Of course, there is risk involved in giving up a steady income with benefits and insurance for the rather more precarious existence of a freelancer. And anyone who thinks that you’ll work less as a freelancer has clearly never freelanced. The difference, however, is that the work will be on your terms, setting your own hours, choosing your own tasks. The mental toll that modern employment takes on most of us is oftentimes entirely incompatible with long term and productive creative ventures. Our world has conditioned us to believe that we must work, we must have that full time job, that steady paycheck, and we must live our lives on someone else’s terms. It is entirely counter to our nature as human beings, who after all spent the vast majority of our time as a species on this planet living in egalitarian bands dividing labor among ourselves according to our skills and abilities. Shared economies — work from home opportunities, Uber, AirBnB, Etsy and others fill a gap that has been missing from modern capitalist life. That is to say, that desire you feel, to work on your own terms, to work according to your ability, to set your own worth — that’s natural. You’re not wrong for feeling that way.

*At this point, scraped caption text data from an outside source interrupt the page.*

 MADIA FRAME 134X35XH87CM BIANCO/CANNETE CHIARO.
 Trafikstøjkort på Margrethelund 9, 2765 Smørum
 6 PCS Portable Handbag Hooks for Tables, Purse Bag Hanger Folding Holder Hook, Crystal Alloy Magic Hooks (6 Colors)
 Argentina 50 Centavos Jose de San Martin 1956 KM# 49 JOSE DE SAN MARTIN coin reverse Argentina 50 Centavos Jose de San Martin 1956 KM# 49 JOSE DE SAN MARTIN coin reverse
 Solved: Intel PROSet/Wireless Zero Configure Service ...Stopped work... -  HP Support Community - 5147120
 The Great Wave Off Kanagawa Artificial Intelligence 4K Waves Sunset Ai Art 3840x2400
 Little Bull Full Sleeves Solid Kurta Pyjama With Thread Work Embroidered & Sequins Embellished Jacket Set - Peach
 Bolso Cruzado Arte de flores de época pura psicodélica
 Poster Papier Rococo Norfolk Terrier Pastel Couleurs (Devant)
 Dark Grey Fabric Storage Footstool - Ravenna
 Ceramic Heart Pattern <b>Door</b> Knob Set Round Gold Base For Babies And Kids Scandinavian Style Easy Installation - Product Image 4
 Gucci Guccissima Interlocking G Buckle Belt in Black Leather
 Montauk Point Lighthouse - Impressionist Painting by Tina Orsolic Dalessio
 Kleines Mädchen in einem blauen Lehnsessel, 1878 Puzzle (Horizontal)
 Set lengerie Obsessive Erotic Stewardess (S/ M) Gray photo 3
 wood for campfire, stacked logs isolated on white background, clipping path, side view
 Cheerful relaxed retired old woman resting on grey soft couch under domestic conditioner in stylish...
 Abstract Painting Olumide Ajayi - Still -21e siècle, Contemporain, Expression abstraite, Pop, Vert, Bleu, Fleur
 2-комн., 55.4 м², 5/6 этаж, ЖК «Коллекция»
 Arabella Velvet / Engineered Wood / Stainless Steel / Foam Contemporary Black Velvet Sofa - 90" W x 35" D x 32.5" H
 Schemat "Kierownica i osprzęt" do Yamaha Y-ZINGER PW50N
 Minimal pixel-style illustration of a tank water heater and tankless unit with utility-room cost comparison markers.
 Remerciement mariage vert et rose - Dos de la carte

This is all to say, if you have the urge to drop out of the rat race, don’t discount the possibility right away. While you may find, after research, that a stead day job is the best way for you to support your writing aspirations, you also may find that there are other ways to make a living for yourself without sacrificing time, energy, and emotion that could be better spent on your creative endeavors. I hope that reading my story might inspire some of you, those of you who wake up dreaming of quitting your job, those of you who wonder “what if I just didn’t go back?” those of you who know in your heart of hearts that you want more out of life than what you currently have, and show you that it is indeed possible. Be brave, think creatively, and it can happen.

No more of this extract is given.